Georg Wieselthaler: "Stay hungry. Stay foolish"
This profile was originally published on the UCSF Division of Cardiology website. It is reproduced here with permission.
"Stay hungry. Stay foolish."
Dr. Georg Wieselthaler (pronounced “VEE-zell-tall-ah”), UCSF’s director and surgical chief of Cardiac Transplantation and Mechanical Circulatory Support, said that these words from Steve Jobs’s 2005 commencement speech at Stanford University are the wisest he has ever heard.
“You have to be a little bit foolish to think beyond the rim of your teacup,” said Dr. Wieselthaler, who was recruited from the Medical University of Vienna in Austria in November 2011. “If you walk on a path that 100 other people have walked in front of you, without looking to the left or the right, you’ll never find something outstanding.
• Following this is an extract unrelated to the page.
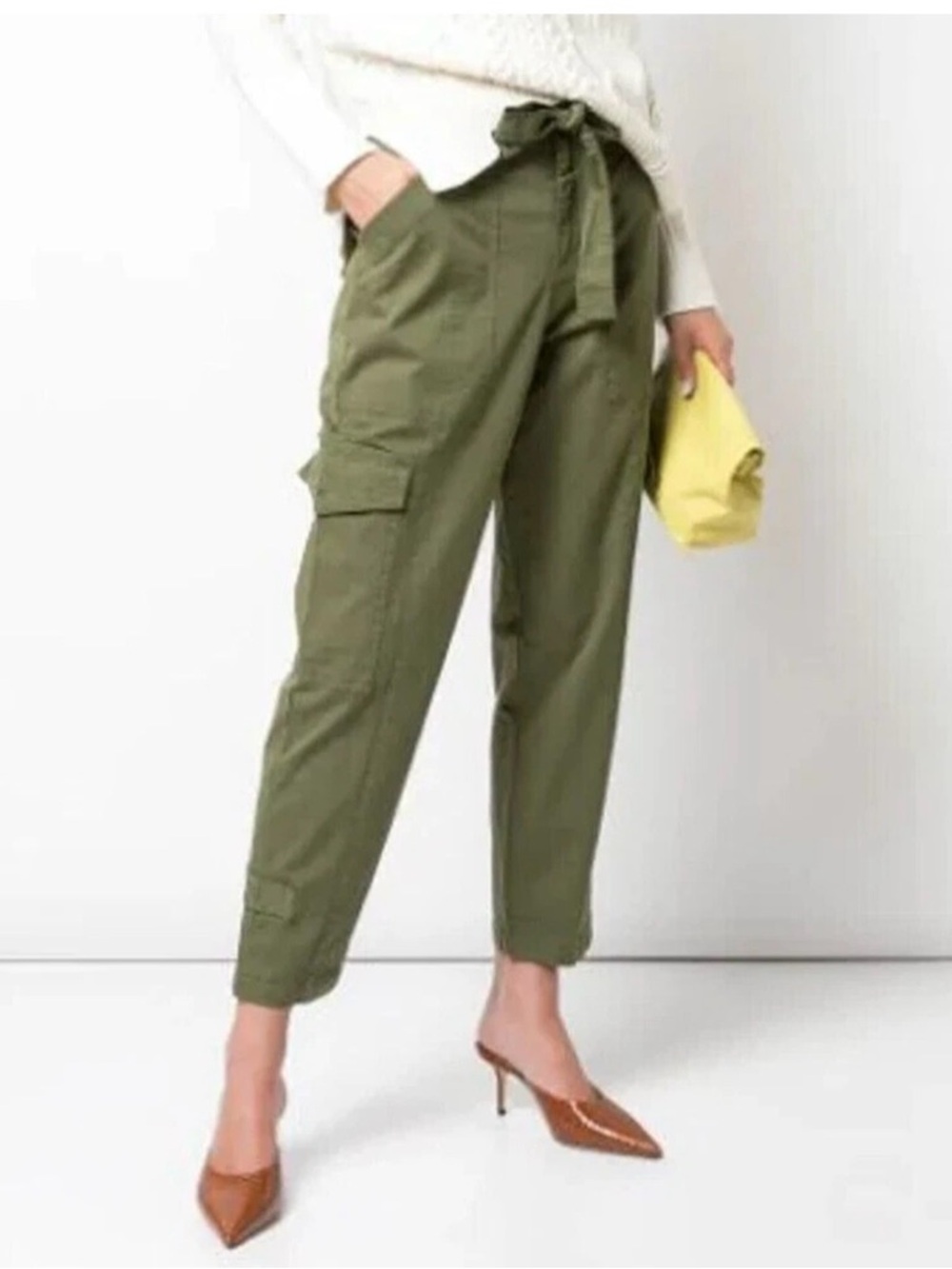 ALEX MILL Army Olive Green Expedition Cropped Utility Cargo Pants‎ Slim Leg Sz 2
But if you’re a little bit crazy, you get new ideas, and sometimes it really works out.”
Dr. Wieselthaler’s own career is proof of this belief. A renowned heart transplant surgeon and leading expert in heart pumps which provide mechanical circulatory support for end-stage heart failure patients, in 1998 he implanted a new miniaturized pump into the world’s first long-term survivors. In 2006, he was the first to implant the HeartWare HVAD, another small pump which offers heart failure patients facing certain death a bridge to transplant until a suitable donor organ can be found. Dr. Wieselthaler also trained as an electrical engineer, and this expertise has allowed him to develop and refine many other pumps.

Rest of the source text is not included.